Suppliers, though, lost sales volume and “they were not able to recoup it … and so they’re severely stressed.”
Stevens said some salaried workers at suppliers are facing a week of furlough. ln the worst cases, if the strike continues, he said some suppliers are likely to close. Michigan is home to about 1,000 supplier facilities.
4. Contract costs could result in labor losses
Up to 10% of the cost of operating auto companies is labor, and UAW demands — if met — would “more than double the hourly costs of the workforce,” Marick Masters, professor of business at Wayne State University, said Thursday during the chamber panel.
Wage increases of 30% and bonuses could be absorbed, Masters said, though they would eat into revenues.

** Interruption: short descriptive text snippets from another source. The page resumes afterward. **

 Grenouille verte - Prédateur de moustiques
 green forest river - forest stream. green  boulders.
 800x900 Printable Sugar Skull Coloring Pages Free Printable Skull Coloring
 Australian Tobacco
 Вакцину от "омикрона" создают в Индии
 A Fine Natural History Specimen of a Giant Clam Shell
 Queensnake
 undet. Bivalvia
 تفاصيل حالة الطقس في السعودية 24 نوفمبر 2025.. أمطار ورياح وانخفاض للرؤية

Many are most closely watching demands for cost-of-living increases on top of wage increases, restored pensions and the union’s demand for a 32-hour work week for 40 hours of pay.
Those, Master said, are “the real budget-busters …. (that would put them) at a real disadvantage” as they compete against foreign automakers and Tesla and their non-union workforces.
If adopted, each automaker would need to consider substituting capital for labor — or investing in automation to replace workers, and other ways to reduce the cost of production.
Detroit automakers faced a crisis in the 2000s over legacy costs like pensions, with GM and Chrysler, now part of Stellantis, filing for bankruptcy.
“I don’t see how they go back to where they were and have any future ahead of them,” Masters said.